The Saturday spotlight is a way to feature some nearly forgotten pulp stories. This isn’t going to be the place for the giants of the pulp world. With that in mind, I decided to start the series off with a pretty random selection. Nothing about the plot, hero, villain, or author stand out in a genre full of memorable plots, heroes, villains, and authors…perfect for my intentions.
A Private Killing
Author: James Benet
Cover Art: ?
Originally Published: 1949
Reviewed Edition: Bantam 825 (1950)
Ben Spencer, a New York newspaper man is on assignment during his vacation to interview genius inventor Arnold Barrett. The death of one of Barrett’s houseguests propels Spencer to investigate the strange circumstances. His interest in the murder was really an excuse to spend more time with the beautiful Mercy. His searching leads to missing plans for a new invention and a host of shady characters inhabiting the area.
The novel (one of only two mysteries penned by newspaper journalist, James Benet) is quick paced and mildly entertaining.

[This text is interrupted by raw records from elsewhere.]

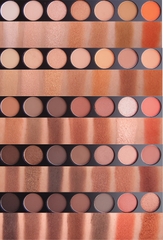 Bảng mắt 35 ô morphe 350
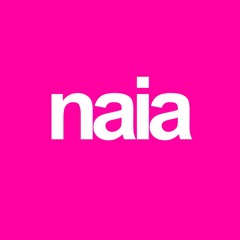naia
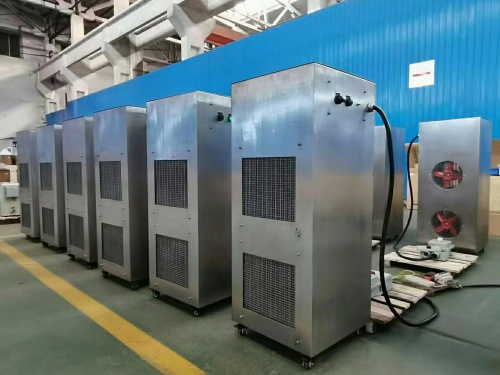 �����^(q��)����ů�L(f��ng)�C(j��)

The science aspect of the novel is quaint and amusing given the advances since 1949. It is actually Benet’s use of scientific discovery and invention that makes the novel stand out. The use of remote controls, microwaves, and other ‘new’ technologies make the book a lot of fun. There really isn’t much more to get excited about in the book itself. The characters are pretty run-of-the-mill and the plot is nothing to get excited about. Every character acts exactly as one would expect for this genre. Ben Spencer is a decent enough hero, but he is essentially a second-rate hero in the genre; not worthy of follow-up adventures.